The first 10 pairs introduced to the area have become more than 100,000 individuals.
And a single rodent has enough gnawing power to fell a tree that took a century to reach maturity in just a few days.
"Beavers, just like humans, are ecosystem engineers... In order to inhabit an environment, they modify it to adapt to the conditions they need to survive," Cristobal Arredondo, a researcher at the Wildlife Conservation Society (WCS), told AFP.
In so doing, the beavers have wreaked havoc on the 300,000-hectare (741,000-acre) park.
The beavers chew down trees to build dams in rivers and lakes, but now in a part of the world where the forests regenerate much slower than in their native North America.
The dams also cause a secondary harm - flooding the soil the beeches grow in and drowning them from the roots up.
Studies have shown more than 90 percent of the rivers and streams on the Chilean half of the Tierra del Fuego has been redirected by beaver activity, with a massive impact on ecosystems, said Arredondo.
They also contribute to global warming, with downed trees and soil releasing carbon sequestered for centuries or more as the beeches rot.
The socio-economic impact of the rodent invasion was estimated at about $73 million in a recent University of Chile study.
This included loss of biodiversity in a conservation zone, impeding wood production and farming due to flooded grazing areas, as well as carbon released into the atmosphere.
If nothing is done, the study warned, Chile's losses to the beavers could amount to another $260 million over 20 years.
In this peaceful landscape at the end of the world, as desolate as it is imposing, beavers have no natural predators among the local fauna of sheep and penguins, but also few friends.
Chile allows the critters to be hunted, and at one point the forestry department offered a reward for each animal shot.
Trapping is also allowed, but neither method has made much dent in the population explosion, and have given rise to cruelty concerns.
The creatures, said Valeria Munoz, president of Chile's UDDA animal rights group, "are brutally killed with traps that are not selective and in which other animals are also caught."
Hunting has not worked, she stated in an interview posted on the group's website, and "we have not seen any solution that would result in effective control of this species."
Felipe Guerra leads a study funded by the Global Environment Facility to try and find a solution once and for all, seeking ways to improve "management, prevention and control" of Patagonia's beavers.
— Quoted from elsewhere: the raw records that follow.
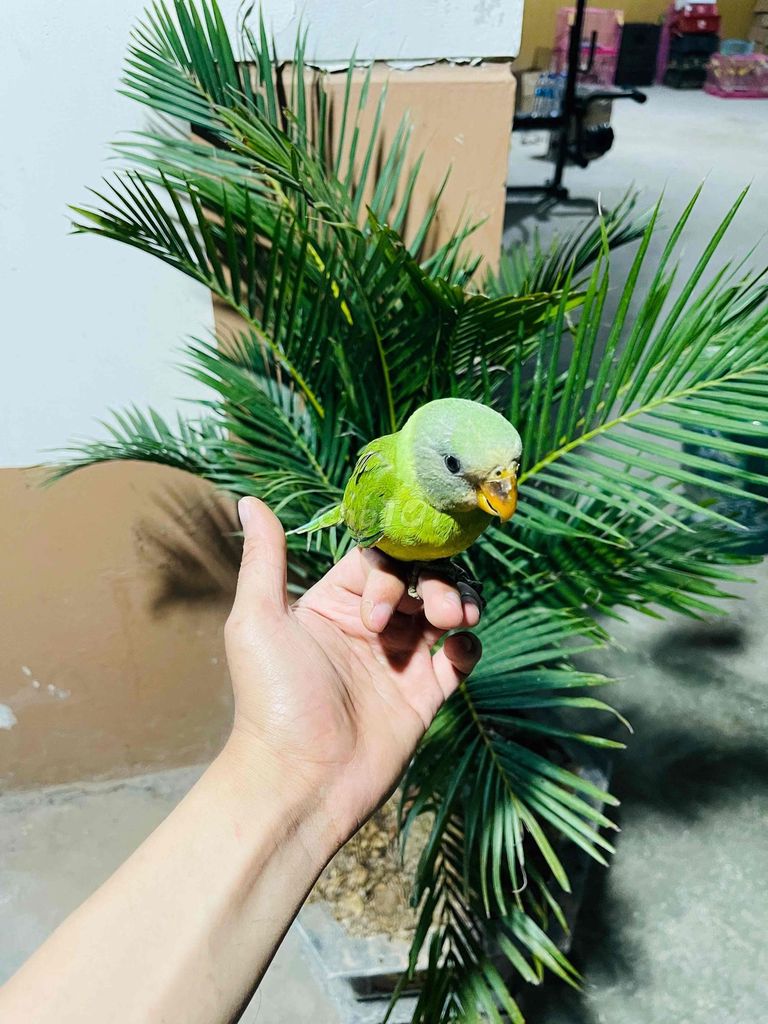 vẹt cảnh dạy nói. Mua bán Chim tại Huyện Chương Mỹ Hà Nội được đăng bởi menuoipet29 hình 1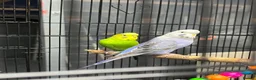 Budgerigars birds for sale: 2male Budgerigar  in Saint Helens - Advert 1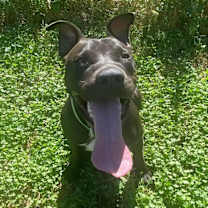 Thumbnail photo of ZORRO #4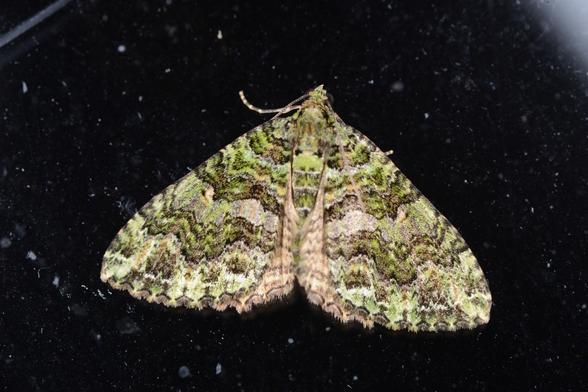 A photo of a green moth with elegant dark partterning. This is the Dark Coprosma Carpet, Austrocidaria similata, an endemic NZ species.

Full details and a bigger photo of this are at https://www.inaturalist.org/observations/277973336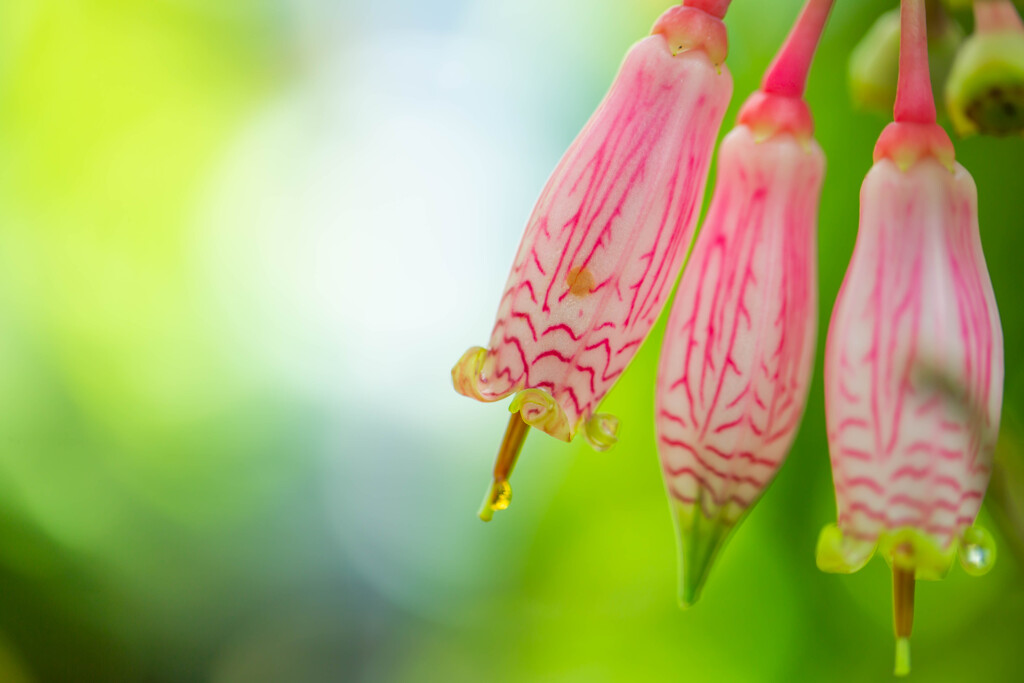 温室で見つけた小さな花　Ⅲ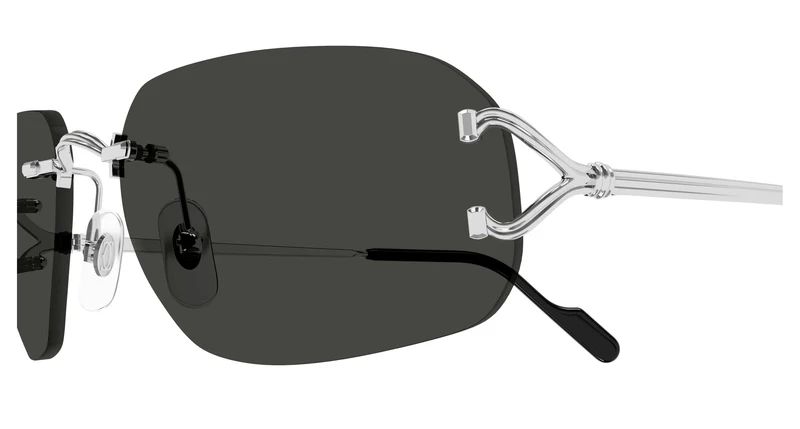 Cartier CT0663S 002 58
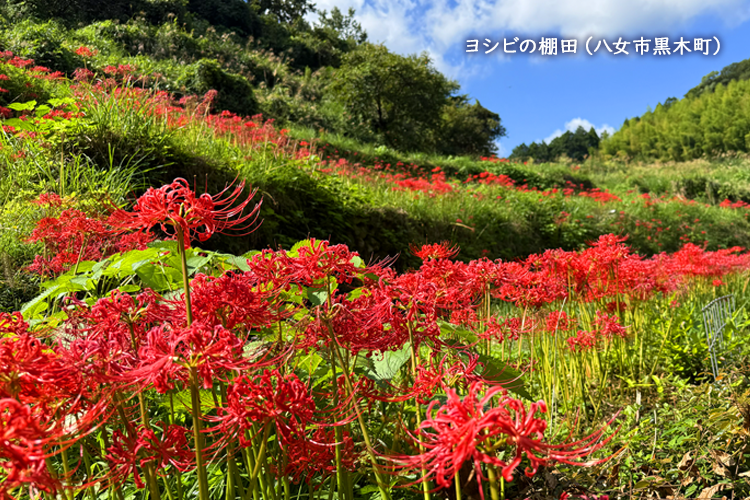ヨシビの棚田（八女市黒木町）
The creatures, said Guerra, are emblematic of a global, under-appreciated problem, of invasive species releasing carbon "that had been captured by trees for hundreds of years."
Eve Crowley, representative of the UN's Food and Agriculture Organization in Chile, underlined that invasive species were "one of the main causes of biodiversity loss, degrading our ecosystems."
This threatens not only the environment, but also the economy, she said, with the World Economic Forum stating that nearly half the world's GDP depends on nature.